In section V2 'Dance' in this thesis, the complexity of the relationship between dance movement and musical structure is further addressed. An example of this is the polymetric relationship between dance movements and the articulation of musical structure in the Menuet (V2cT2) of Rebel’s Les Caractères de la danse. The simple ¾ metrical structure of the Menuet is juxtaposed with the structure of the dance step-units which spread across two bars with a different distribution of beats. Without being aware of this contradiction, informed only by the implication of the dance form, the liveliness and excitement of the Menuet in performance will go lost.
Leman and Naveda (2010) study a related phenomenon in Samba dance, where they argue that ‘perception of samba may be movement-based in the sense that through self-movement (of the dancer in response to music) musical patterns get rhythmically disambiguated’ (Leman and Naveda, 2010, p. 18).
The method of chunking the coarticulated gestural-sonic objects is implied in the trajectory of my video analysis. I proceed from a segmentation of the movement patterns implied in the musical structure (dance patterns, physical gestures, or poetic images), and elaborate them in my playing movements, drawing on my embodied experiences. In Östersjö’s study on chunking and coarticulation, the observation is made that the identified action chunks were consistently ‘related to the beginning and ending of movements[;] they also reflect musical structure, significant changes in performance techniques and musical gestures that may be interpreted as expressive’ (Östersjö, 2016, p. 489). This suggests that the very detail of a performative interpretation may be structured also from the detail of a performer’s embodiment. But, simultaneously, it is essential to bear in mind that such an interpretation will always also draw on other factors situated in the social and cultural domain of the performer’s frame of reference.
3.1 Gesture definitions
One of the most problematic features in studies of music-related movement, or 'gesture studies', is the actual use of the term gesture. Some scholars use the term gesture interchangeably with the term movement. Gestures are ‘movements made by performers to control the musical instrument when playing a melodic figure’, or even the ‘tapping along with the beat’ of a listener (Leman, 2010, p. 5)

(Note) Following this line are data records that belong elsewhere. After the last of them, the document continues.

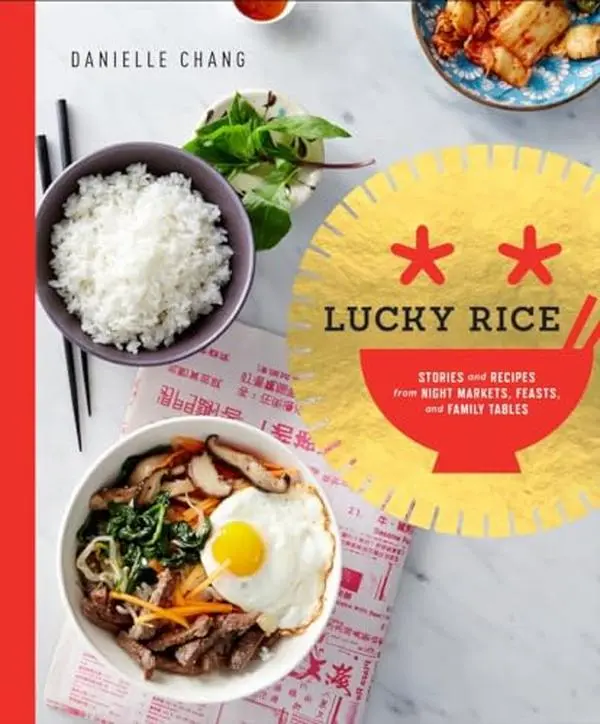USED Book - Lucky Rice: Stories and Recipes from Night Markets, Feasts, and Family Tables: A Cookbook by Chang, Danielle (Hardcover) - english
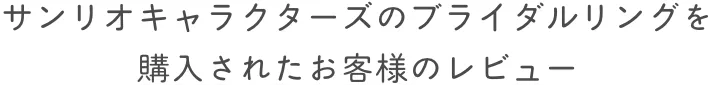 サンリオキャラクターズのブライダルリングを購入されたお客様レビュー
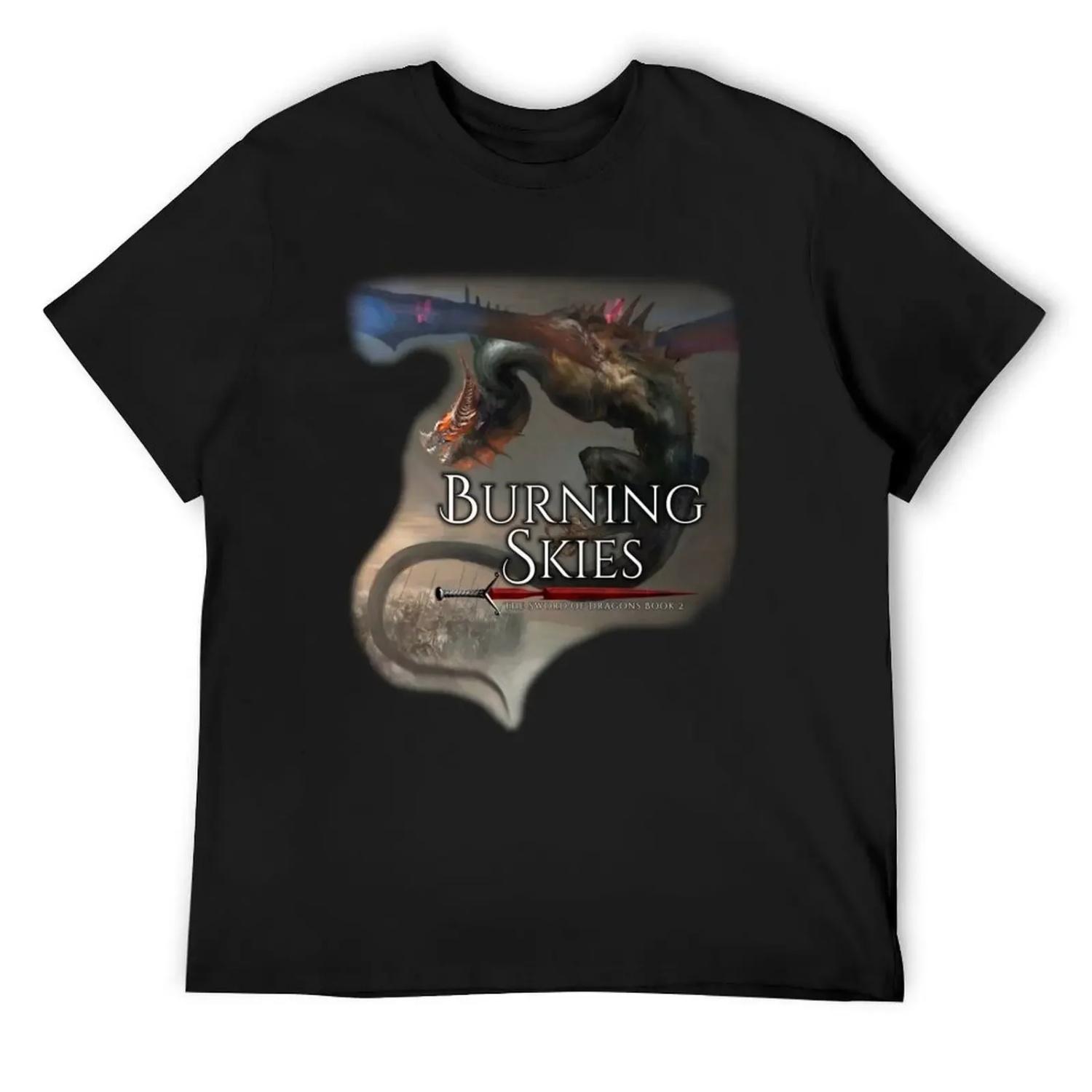 

Burning Skies - The Sword of Dragons Book 1 T-Shirt man clothes custom t-shirts men workout shirt XXXXXL чорний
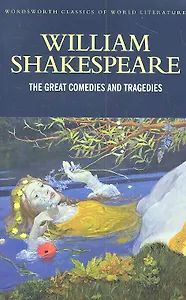 The Great Comedies and Tragedies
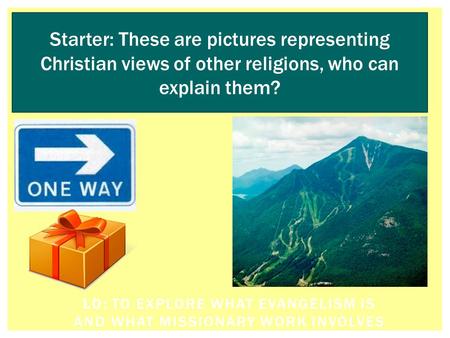 LO: TO EXPLORE WHAT EVANGELISM IS AND WHAT MISSIONARY WORK INVOLVES Starter: These are pictures representing Christian views of other religions, who can.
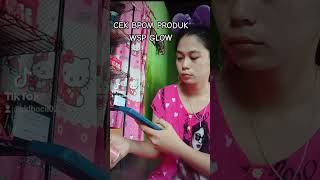 New Wsp Glow Real sudah BPOM RI ya cintahhh 🥰 nggak usah Ragu pakai produk dari New Wsp Glow [upl. by Tori]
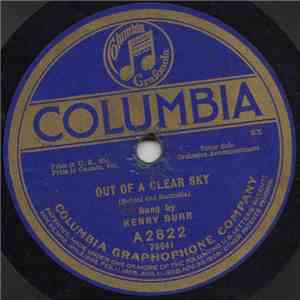 Henry Burr / Lewis James And Charles Harrison - Out Of A Clear Sky / Lullaby Time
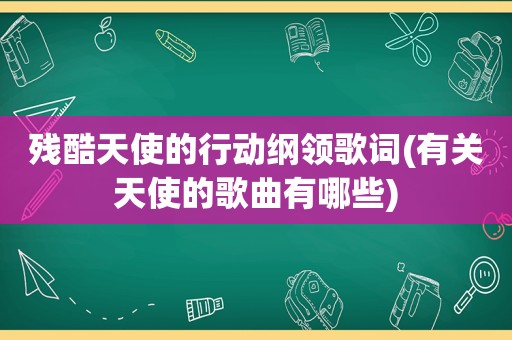 残酷天使的行动纲领歌词(有关天使的歌曲有哪些)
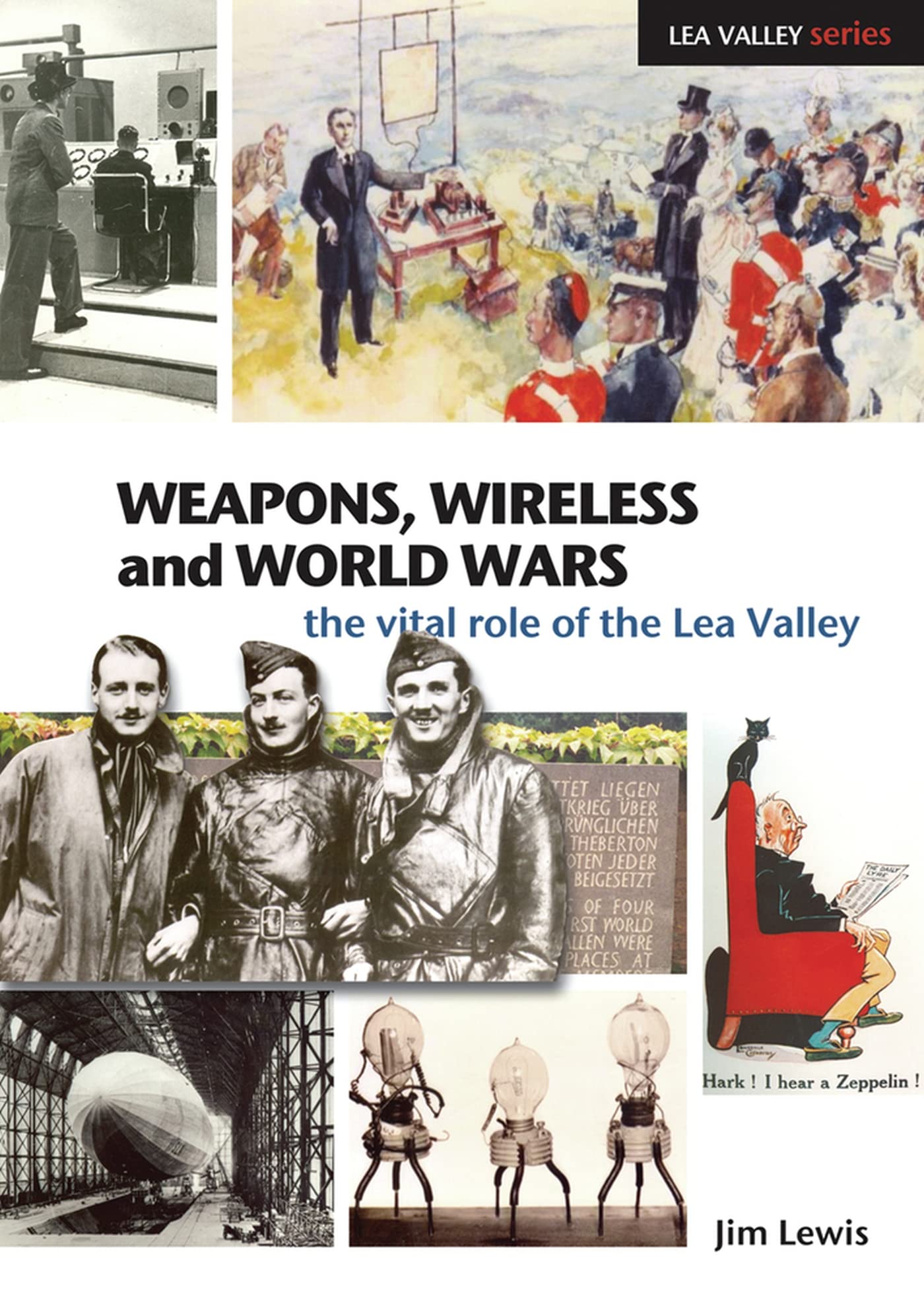 Weapons, Wireless and World Wars: The Vital Role of the Lea Valley (Lea Valley Series) by Jim Lewis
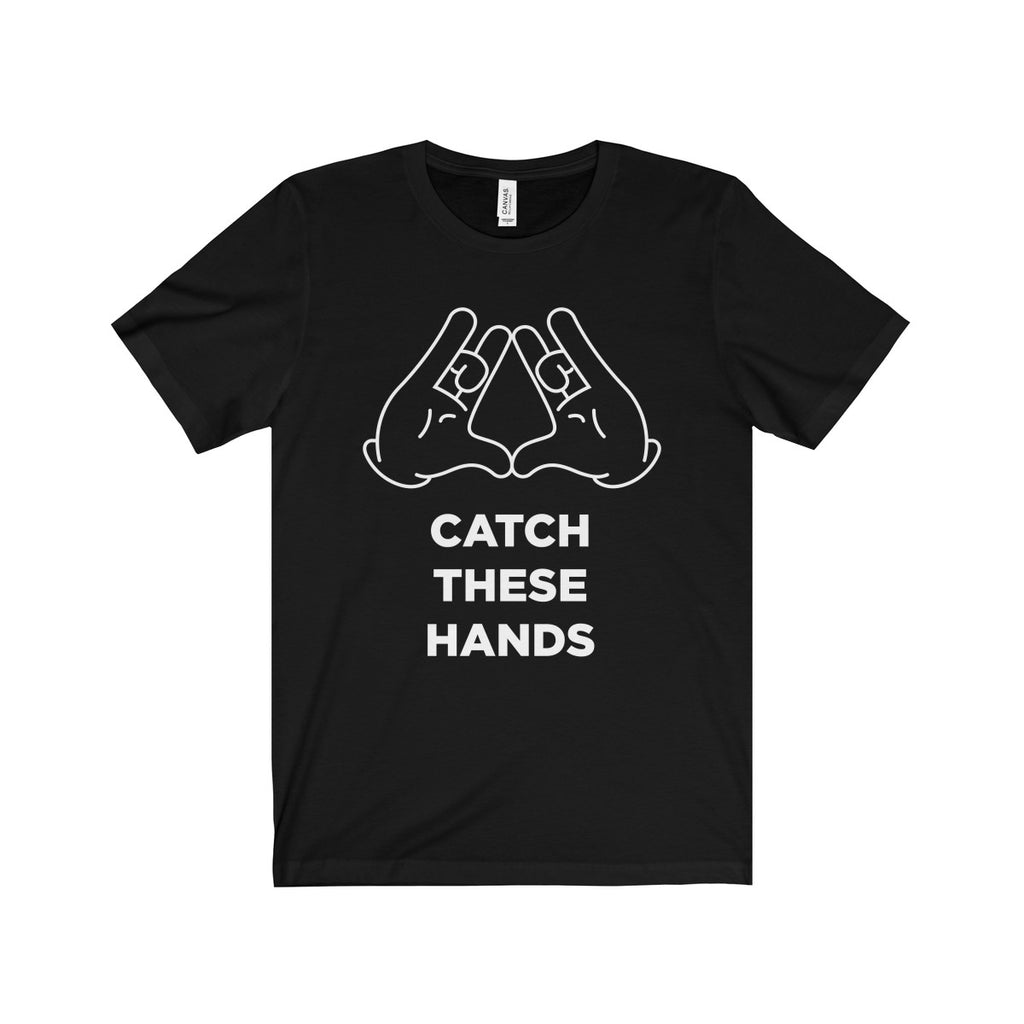 Catch These Hands - Graphic Tee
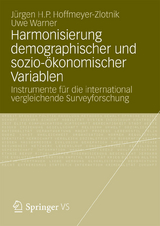 Harmonisierung demographischer und sozio-&ouml;konomischer Variablen - J&uuml;rgen H.P. Hoffmeyer-Zlotnik, Uwe Warner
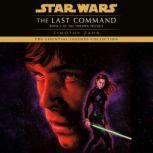 The Last Command: Star Wars (The Thrawn Trilogy) Volume 3, Timothy Zahn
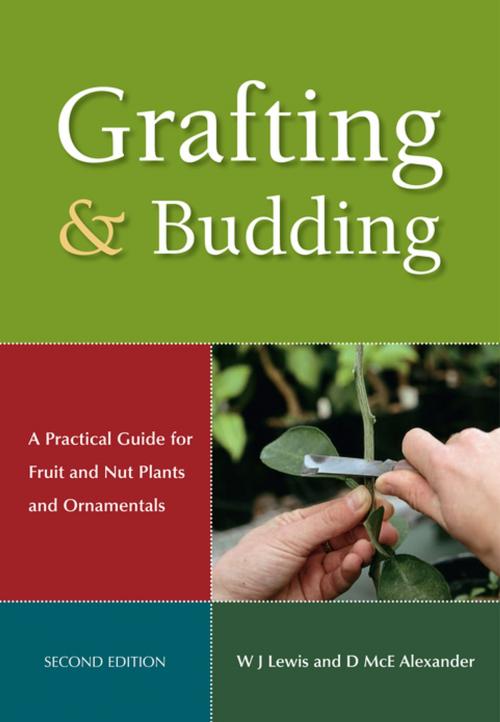 Cover of the book Grafting and Budding by WJ Lewis, DMcE Alexander, Landlinks Press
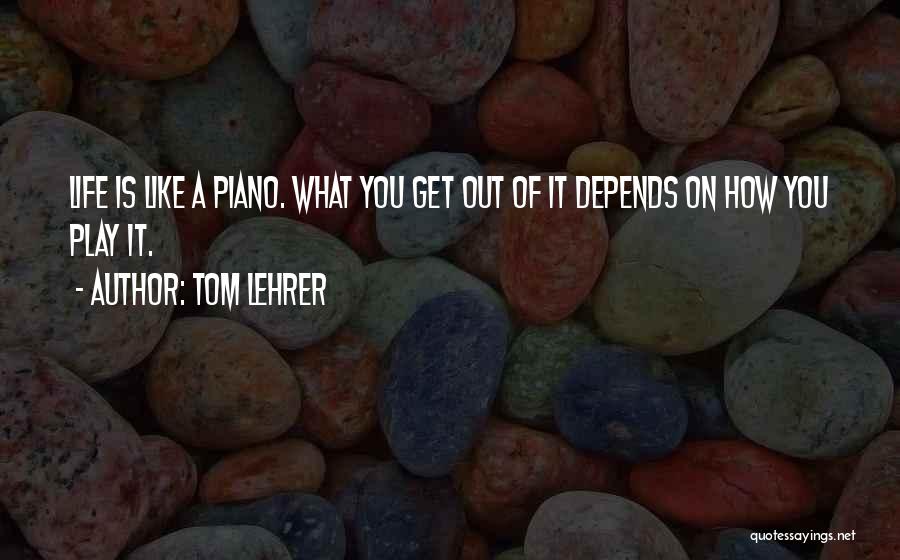 Tom Lehrer Quotes: Life Is Like A Piano. What You Get Out Of It Depends On How You Play It.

Other scholars argue for a clear distinction between gestures and body movements. In his dissertation (2007), Alexander Jensenius finds the scholarly usage of the term gesture confusing to such an extent that he instead employs a different term, ‘action’. ‘The gesture definitions […] range from using gesture more or less as equivalent to body movement, to using gesture in a purely metaphorical sense.’ (Jensenius, 2007, p. 41).
Robert Hatten articulates a definition of gesture as ‘any energetic shaping through time that may be interpreted as significant’ (Hatten, 2006, p.1). Even though it is a very inclusive definition, it has a bearing on the widespread use of the term 'sound-producing gestures.' With reference to Hatten’s definition, we might reserve the term 'gesture' only for specific instances of body movement that are interpreted as significant. If the movement, or sequence of movements, is intentional and understood as significant, then we can call it gesture (Jensenius, 2007).
In a simplified understanding, sound-producing movements are employed to produce sound, and in that sense are not interpreted as significant. Therefore, being just technical movements, they are not gestures per se. They become significant through the sound they produce. And yet, even if we understand Hatten’s ‘energetic shaping through time’ as gestural-sonic objects (Godøy, 2011) conceived mentally, the sound producing movements employed in the realization of these objects, even though not intended as significant, will necessarily mirror their ‘energetic shaping’, and thus become gesturally significant in performance.
In this consideration, even a simple ‘movement of a finger’ pressing a piano key can qualify as gesture (Godøy, 2011, p. 71), being imbued with the intended expression. Sound-producing movements can assume the function of gesture through the assimilation of communicative, expressive, and ancillary movements into the process of sound production. With the resulting sound as a culmination and manifestation of this holistic movement complex, musical gestures will emerge.
In his study on musical forces, Steve Larson developed the idea that musical motion is shaped by forces that are analogous to those that shape physical motion (Larson, 2006). He proposes the concept of ‘graceful physical gestures’, which are based on actions and states of ‘impulse’, ‘inertia’, ‘point of stability’, and ‘passing the point of stability’ (Larson, 2006, p. 63).
Even though Larson understands the interaction of constantly acting forces only metaphorically, his concept of forces has inspired my understanding of the role of centrifugal and centripetal forces in the expressive body movements of a violinist. The activation of physical forces in the gravitational relationship between body and floor is exemplified in my attempts to enact the implied narrative, dance movements, and poetic imagery through body movements in performance.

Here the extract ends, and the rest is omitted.